Yetmiyor tabiki, içinde bulunduğum ruh halim beni yiyip bitiriyor. Kendime Aslan'ı görecek daha fazla zamanlar yaratmaya çalışıyorum. Mesela spora yazıldım. Evden spora diye çıkıp Aslan'ı görüyor. Eve gelir gelmez spor malzemelerimi banyoda ıslatıp terlemişim gibi asıyorum. Neyse ki bu koşuşturma, bu stres beni zayıflatıyor. Kimse bir şey anlamıyor. Yalan konuşmak o kadar doğal oldu ki artık söylediklerime ben bile inanıyorum. Gerçekleri unutuyorum. Ve bu durum eskisi kadar acıtmıyor canımı. Umrumda değil yani. Herkes bunu hakediyor diye bakıyorum. Bir Aslan azap oluyor içimde ama ona da yalan konuşuyorum saymıyorum kendimi. Çünkü Barış'la olan görüşmelerim gerçekten görüşme değil, yok kadar az. İçim rahat yani. Ama yine de iki farklı hayat arasında yaşıyorum. Eve geliyorum Barış'lı bir hayat, dışarıya çıkıyorum Aslan. Kimseye anlatamadığım Mutluluğum. Sanki kafamda yaşadığım bir hayalmiş gibi. Gerçek olan ise Barış! Hayalimle gerçeğim arasında sıkışıp kaldım. Tüm hücrelerim hayalime doğru ayaklansa da gerçekler yerimden kıpırdamama engel oluyor. Öyle arada derece ne kadar hayalime sarılırsam o anların heyecanı tutuyor beni ayakta. Ama daha fazlasını istiyorum. Çok uzun zamandır yapmadığım bir şeyi. Aslan'ı 1 saatten daha fazla görmek istiyorum. Ona doğru ayaklanan hücrelerim şuan deli gibi onu istiyor. Düşündüm, kurdum, tasarladım mesaj attım:
—Aşkım, aklımda bir şey var acaba gerçekleştirebilir miyiz?

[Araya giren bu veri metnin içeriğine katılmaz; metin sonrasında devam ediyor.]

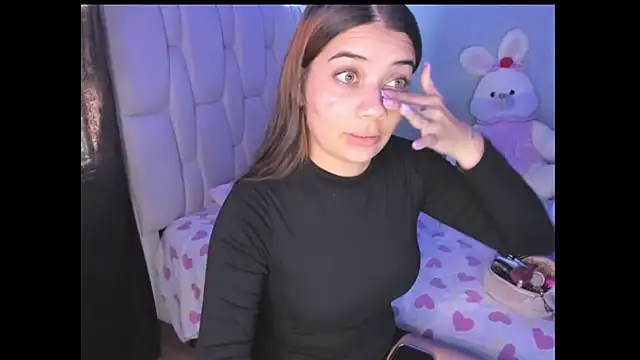 KittyKlum online show from 03-20-25, 08:51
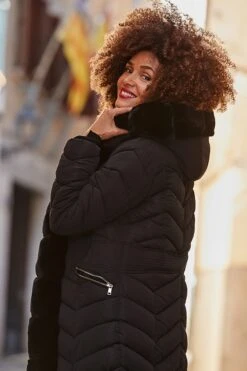 Black Faux Fur Edge Detail Padded Coat -Sosandar Fashion Store web 2410 32 a24ow089bk0001 a20tk001bk0001 s22bp001bk0001 32 106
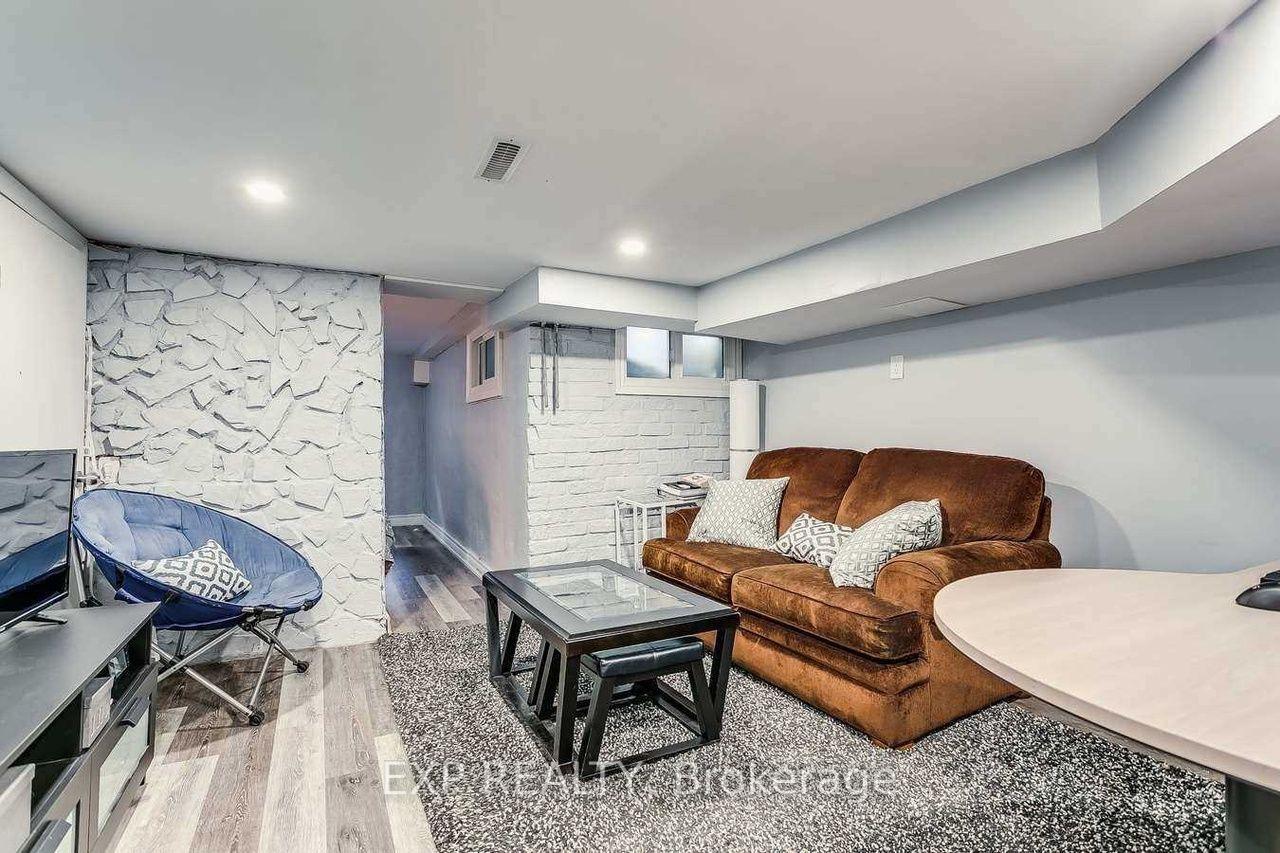 Photo 10 of 102 Rosslyn Avenue N, Hamilton, Crown Point — HOMEH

—Yükseklik korkum yok ama yine de bampi jumping yapamam. Bu riske değmez :)
—Alçak atlayışlar denesek?
—Ooo konu sevdiğim yerlere gidiyor? Tam olarak nereden nereye atlayacağım?
—Yaaa çok şapşalsın. Yarın okulu asıp sana gelsem. Tüm gün birlikte olsak. Çünkü ben seni çok özlüyorum.
—Nasıl asacaksın okulu?
—Raporla :)
—Tamam olur. Ama buraya geleceksin, yaşadığım eve.
—Annenler?
—Yoklar, bu sabah istanbula uçtular. Bir hafta yalnızım.
—Süpermiş.. Bir haftalık mı rapor alsam :)
—Hahahha bana uyar.
—Bana da uyar demeyi çok isterdim :(
—Olsun bitanem bir şeyler ayarlarız yine. Sıkma canını hemen.
—Yarın sabah sendeyim.
—Okul saati gelip seni alırım.
—Erken kalkmak zorunda kalacaksın ama süper olur.
—Uykularım senden kıymetli değil.
—Olsun, o zaman şimdiden uyuyalım. Hemen yarın olsun, seni yoracağım ;)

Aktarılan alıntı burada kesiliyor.